### WORK TASK
Copy exactly the lines of the data below that run from the line holding "https://img.miyanlife.com/mnt/timg/180403/11555M946-9.jpg" through the line holding "为什么现在淋巴结肿大越来越频繁？医生：这5件事少做，劝你改正", both ends included.

### RECORDS FOR THE EXERCISE
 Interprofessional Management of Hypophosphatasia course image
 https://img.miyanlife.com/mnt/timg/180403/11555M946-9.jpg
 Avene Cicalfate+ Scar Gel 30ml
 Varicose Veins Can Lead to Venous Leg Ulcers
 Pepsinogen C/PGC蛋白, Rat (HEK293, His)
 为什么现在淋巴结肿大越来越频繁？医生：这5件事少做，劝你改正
...
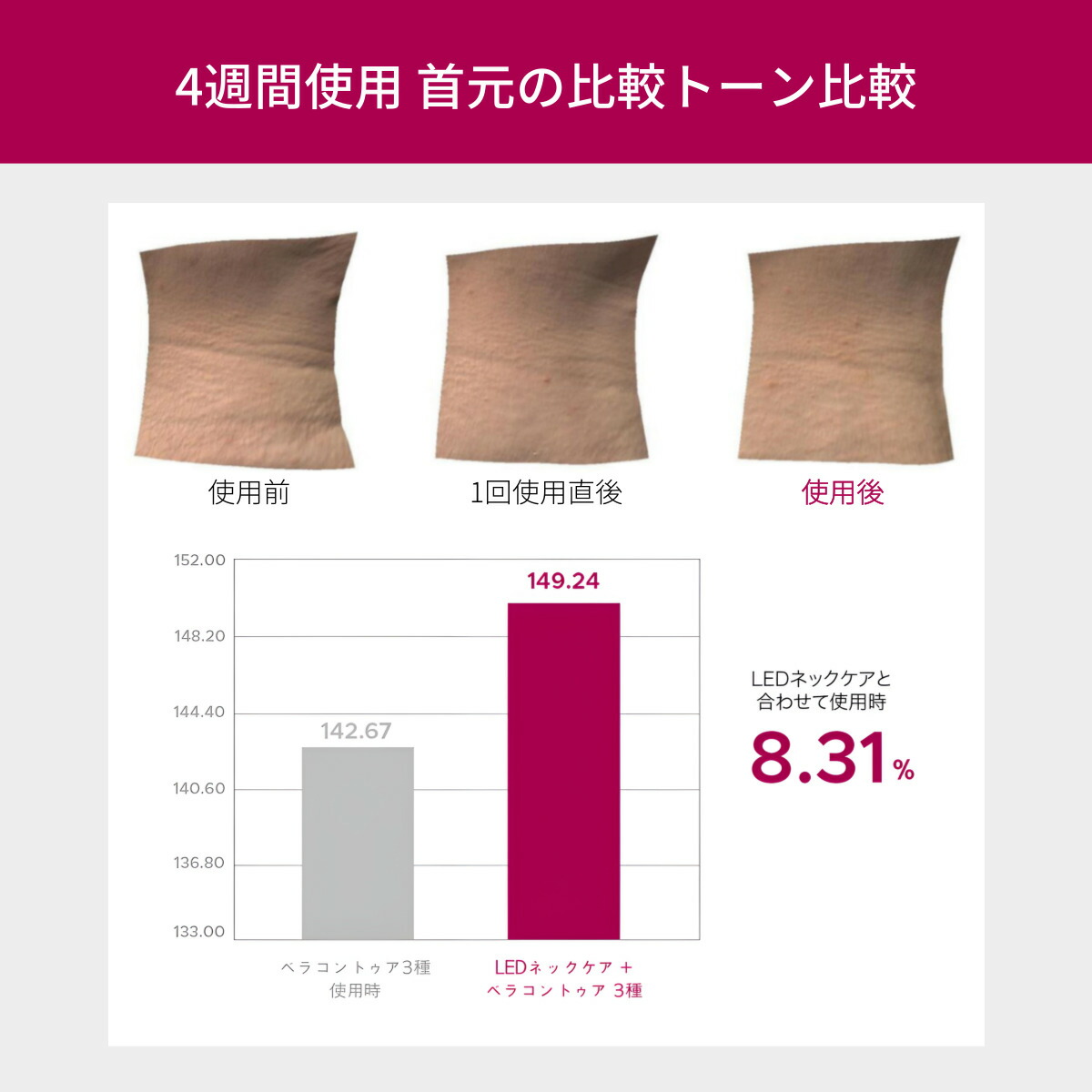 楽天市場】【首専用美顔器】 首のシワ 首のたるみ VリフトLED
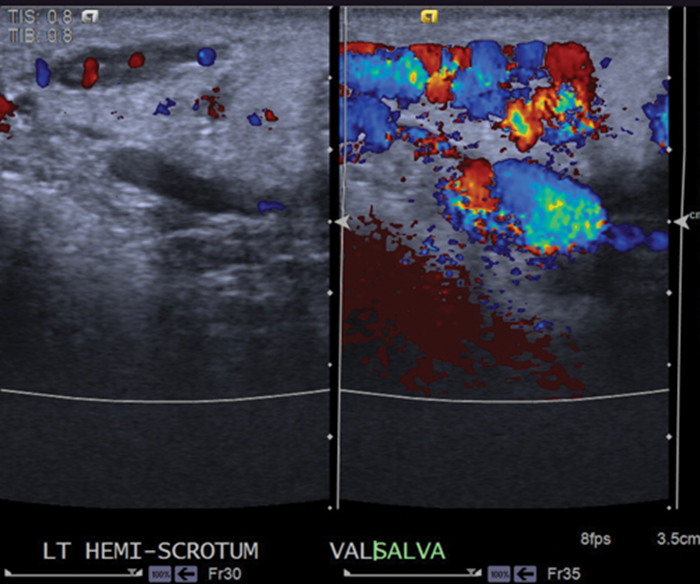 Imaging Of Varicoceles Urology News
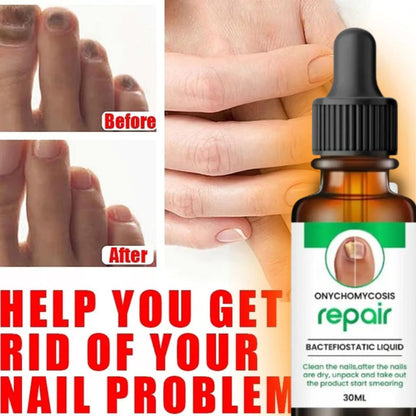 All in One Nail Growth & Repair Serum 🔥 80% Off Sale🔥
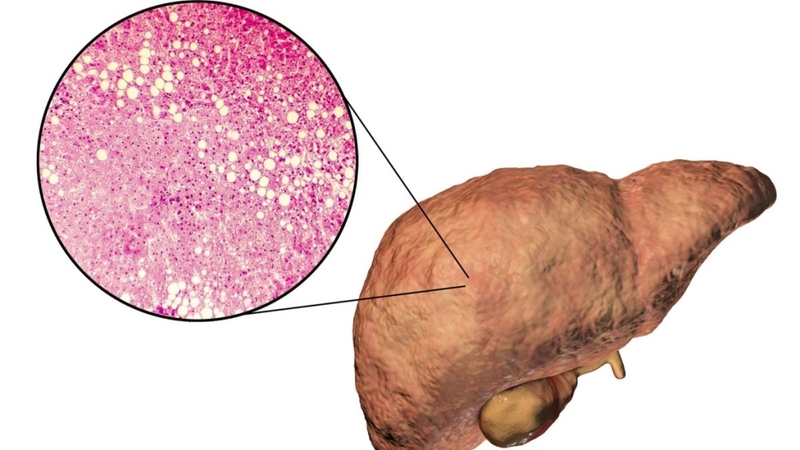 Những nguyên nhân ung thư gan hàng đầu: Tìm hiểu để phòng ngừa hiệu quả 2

### EXERCISE OUTPUT
 https://img.miyanlife.com/mnt/timg/180403/11555M946-9.jpg
 Avene Cicalfate+ Scar Gel 30ml
 Varicose Veins Can Lead to Venous Leg Ulcers
 Pepsinogen C/PGC蛋白, Rat (HEK293, His)
 为什么现在淋巴结肿大越来越频繁？医生：这5件事少做，劝你改正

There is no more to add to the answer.